Symphony No. 3 (“Song of the Night”) (1916)

Symphony No. 3 (“Song of the Night”) (1916)

By Adrian Corleonis, Contributor, Fanfare

Written for the concert The Soul of Poland in Modern Times, performed on Jan 24, 1997 at Avery Fisher Hall at Lincoln Center.

In the summer of 1914, Szymanowski returned from an extended visit to Sicily and North Africa, stopping over in Paris, and going to London to stay some weeks with Artur Rubinstein and meet Stravinsky, before leaving on the very day of Archduke Rudolph’s assassination for Tymoszówska, his family’s estate in the Ukraine. As war engulfed Europe, Szymanowski carried into his retreat the latest nuances of cosmopolitan culture, which he was to transmute into his middle period, and most intensely personal, style.

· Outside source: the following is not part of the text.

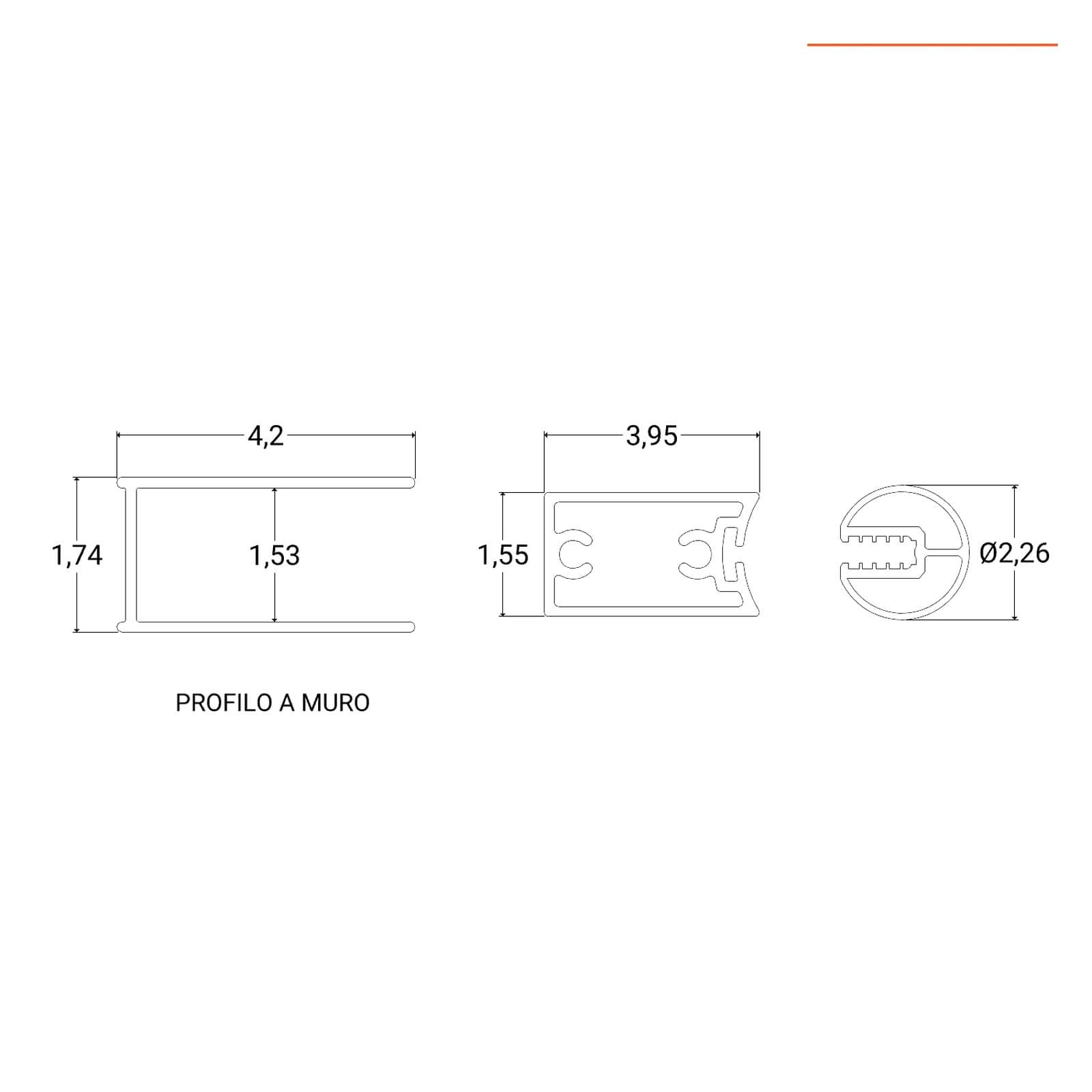 Box doccia 100X95 cm doppio battente con vetro temperato fumé e profilo cromo 195h - Nilo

Szymanowski’s aesthetic is Symbolist, an influence imbibed from Friedrich Nietzsche’s Birth of Tragedy, a favorite and closely-read book, which prompted a “Dionysian” style almost wholly preoccupied with the ecstatic apprehension of mythically-blazoned moments as symbols of an ineffable mystery.

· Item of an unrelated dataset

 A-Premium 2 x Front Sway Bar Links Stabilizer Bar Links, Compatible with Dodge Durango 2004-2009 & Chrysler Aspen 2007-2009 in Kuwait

Song of the Night places the Symbolist mysterium in the fabulous Persia of the Sufi poet Jallal al-din Rumi. A symphony in name only, this single three-part movement opens with the mystic’s exhortation to watchfulness, for “the great secret is revealed in this night.” Rumi is generally credited as the founder of the Mevlevi order of Dervishes, whose “whirling” occasions the highly stylized dances, now contemplatively attenuated, now vehement, which mimic the passage of the planets and constellations, raptly heralded by the tenor solo of the first part, in a circling whose effect is intoxication and whose center and goal is God.

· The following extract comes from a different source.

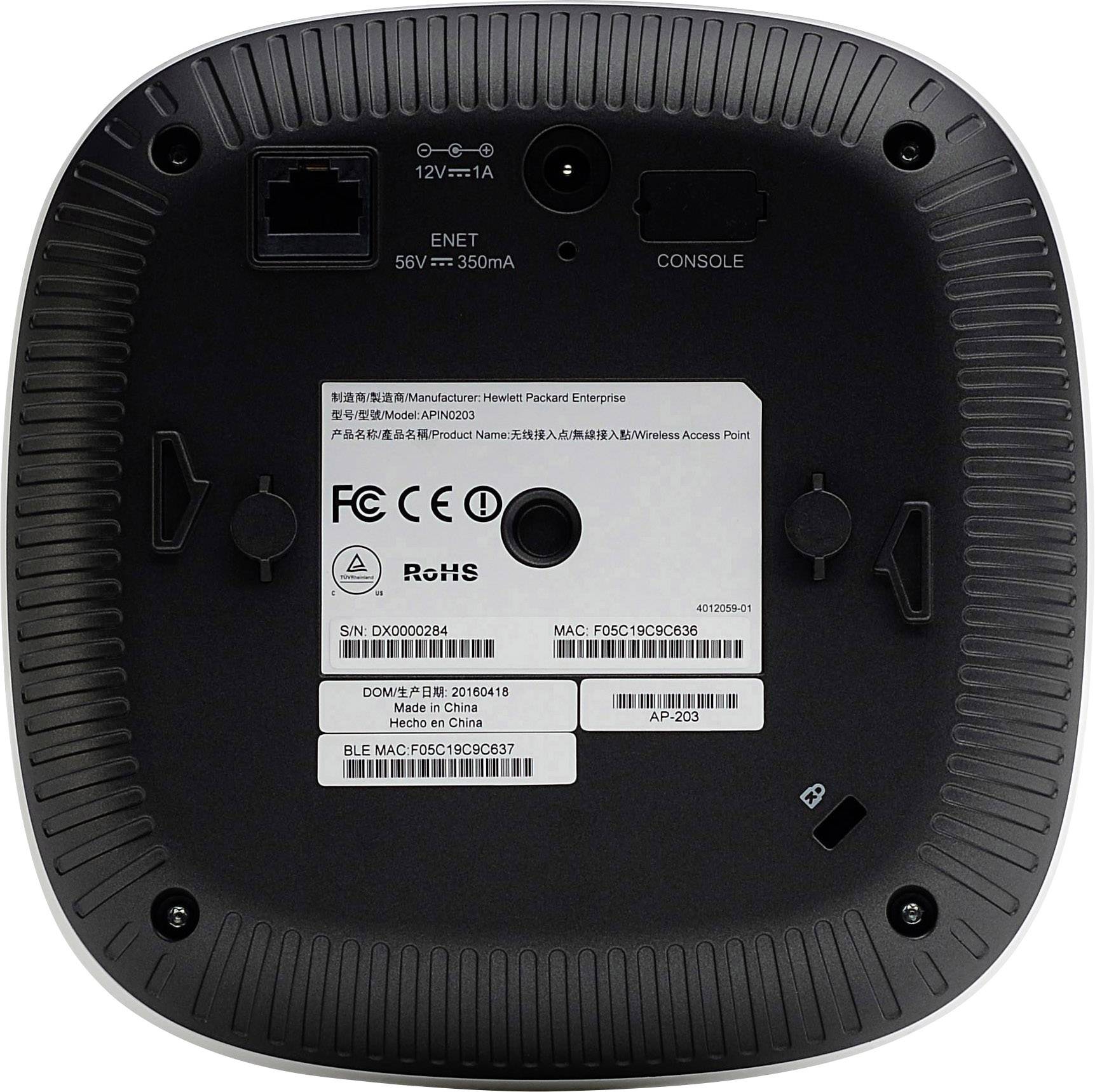 Hewlett Packard Enterprise JW797A AP-315 WIRELESS ACCESS POINT WLAN Access-Point 2.4 GHz, 5 GHz-1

A Warsaw concert in January 1920, giving his compatriots a first hearing of his Dionysian works, was poorly attended and tepidly received, wringing from Szymanowski the complaint that “there is no real contact between myself and the Polish (or at any rate Warsaw) public, I seem strange, incomprehensible to them.. .The European climate of my art does not suite this local provincialism.” In the upshot, Song of the Night received its premiere in London under Albert Coates on November 26, 1921, and was not heard in Warsaw until April 1924, by which time Szymanowski was quite a different composer.

In writing of Song of the Night it has become almost obligatory to quote from Kaikhosru Sorabji’s glowing effusive encomium in Mi Contra Fa (London: Porcupine Press, 1947), if only because such unequivocal praise from such a critic may hardly be ignored: “Here is no European in Eastern fancy-dress, but one who, by a penetrating clairvoyant insight and sympathy, an astonishing kinship of spirit, succeeds in giving us in musical terms what we instinctively know and recognize as the essence of Persian Art.”

One might more aptly call attention to Szymanowski’s “clairvoyant insight and sympathy” with the latest works of Scriabin, Debussy, Ravel, and Stravinsky, whose innovations and refinements he turned, almost as they were being made, confidently and eloquently to his own use. Thus, Szymanowski in his Dionysian guise offered a newly emancipated Poland, in search of a cultural identity, the not entirely welcome example of a fluently cosmopolitan Europeanism, a highly sophisticated consolidation of what was best and most brilliant in pre-war, post-Romanticism, couched in a legacy of exotically powerful, exquisitely realized, and radiantly intense works.